No. Mi è stato proposto di modificare l’adattamento, ma non l’ho fatto perché lo reputo perfetto. Spero si recuperi lo spettacolo, prima o poi, perché era una cosa molto bella.
All’inizio di Giovanissimi ci sono due citazioni: la prima tratta da Pinocchio di Carlo Collodi e la seconda da Society is a hole dei Sonic Youth. Le tue fonti di ispirazione sono più letterarie o musicali?

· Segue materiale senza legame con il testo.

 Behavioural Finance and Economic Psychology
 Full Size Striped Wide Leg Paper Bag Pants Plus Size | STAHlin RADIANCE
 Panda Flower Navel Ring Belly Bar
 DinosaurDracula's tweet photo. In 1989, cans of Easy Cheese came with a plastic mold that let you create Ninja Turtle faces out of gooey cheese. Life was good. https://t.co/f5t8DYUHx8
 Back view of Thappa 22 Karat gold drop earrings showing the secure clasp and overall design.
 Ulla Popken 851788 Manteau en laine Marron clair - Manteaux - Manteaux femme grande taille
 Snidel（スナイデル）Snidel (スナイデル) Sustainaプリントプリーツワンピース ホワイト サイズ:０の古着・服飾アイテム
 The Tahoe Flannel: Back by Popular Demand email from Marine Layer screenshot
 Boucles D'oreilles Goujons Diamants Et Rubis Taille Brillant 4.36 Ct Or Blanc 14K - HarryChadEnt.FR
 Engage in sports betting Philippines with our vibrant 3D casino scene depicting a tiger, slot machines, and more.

Letterarie. La musica ha avuto un posto importante nella mia vita, per molto tempo, ma ho sempre preferito i libri, perché fanno più male. Quello che mi piace della musica è il suo andare quasi sempre dritta al punto, senza perdersi in troppe chiacchiere, e di sicuro questa cosa influenza il mio modo di fare, tanto nella scrittura quanto nella vita di tutti i giorni. Però, se devo scegliere tra ascoltare un disco o leggere, scelgo leggere e non riesco a fare entrambe le cose assieme.
Napoli è la città in cui sei nato e quella in cui vivi ma è anche lo sfondo dei tuoi romanzi. Cosa regala e cosa nega Napoli ai suoi figli?
Tutto, e il contrario di tutto.
Negli ultimi anni libri, film e seguitissime serie tv hanno raccontato al mondo intero una Napoli violenta e in cui l’associazionismo di stampo mafioso è profondamente radicato. Il quartiere Soccavo di Giovanissimi è molto diverso da questo immaginario collettivo. Cosa pensa uno scrittore napoletano di un simile modo di ritrarre la sua città?
Non è Soccavo ad essere diverso da quell’immaginario, di fatto Soccavo è una periferia a tutti gli effetti. È proprio che quell’immaginario è un immaginario, non per forza una narrazione della realtà. Non ne penso nulla, quindi, perché mi concentro sulla realtà.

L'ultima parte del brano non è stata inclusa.